Date of Award


Document Type

Open Access Thesis

Degree Name

Medical Doctor (MD)

First Advisor

Cindy Renee Miller, M.D.

Second Advisor

Michele H. Johnson, M.D.

Third Advisor

Anne McBride Curtis, M.D.


The purpose of this study was to determine whether radiologists could accurately assess osteopenia on chest plain films. Two chest radiologists evaluated lateral chest films from 100 patients (80 female and 20 male), ranging in age from 16 to 86 years, for osteopenia and its associated findings. Intra- and interobserver agreement was determined using weighted kappa statistics, and accuracy was assessed by making comparisons to bone mineral density as measured by the non-invasive gold standard of dual-energy x-ray absorptiometry (DXA). Overall, radiologists were good at identifying signs of late, but not early, disease. Intraobserver consistency was substantial for fish vertebrae (Kw1=0.638; Kw2=0.0.712) with moderate interobserver agreement (Kw=0.45). Similarly for wedged vertebrae, intraobserver consistency was substantial to moderate (Kw1=0.654; Kw2=0.533) with substantial interobserver agreement (Kw=0.622). These radiographic signs correlated with true disease as shown by high specificity values.

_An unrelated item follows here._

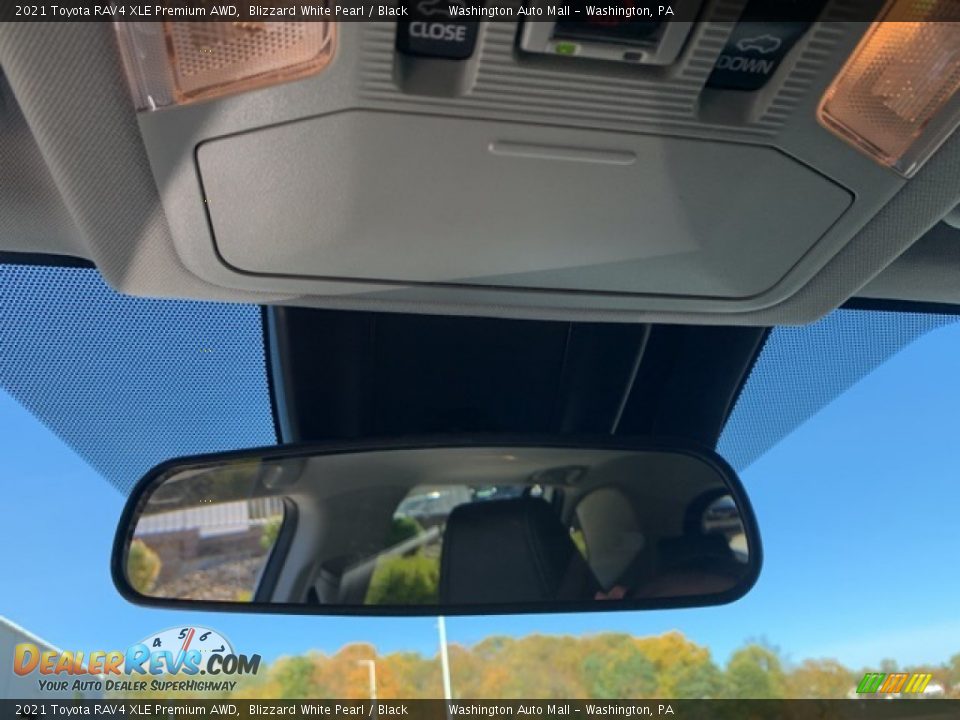 2021 Toyota RAV4 XLE Premium AWD Blizzard White Pearl / Black Photo #15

Therefore, this study indicates that if osteopenia is suspected (i.e., there is a wedge or fish vertebra) or its associated features are seen on a CXR, it is crucial for radiologists to comment on it. The literature suggests that referring physicians do not pay attention to such findings in radiology reports. Radiologists could effect change in clinical treatment by not burying these findings in the report body, but instead putting it in the impression, along with a recommendation that the finding be followed up with DXA. Because effective interventions for women with osteoporosis exist, the results of this study will contribute to a major change in the practice of chest radiology and improve womens health by preventing the devastating disability associated with osteoporosis.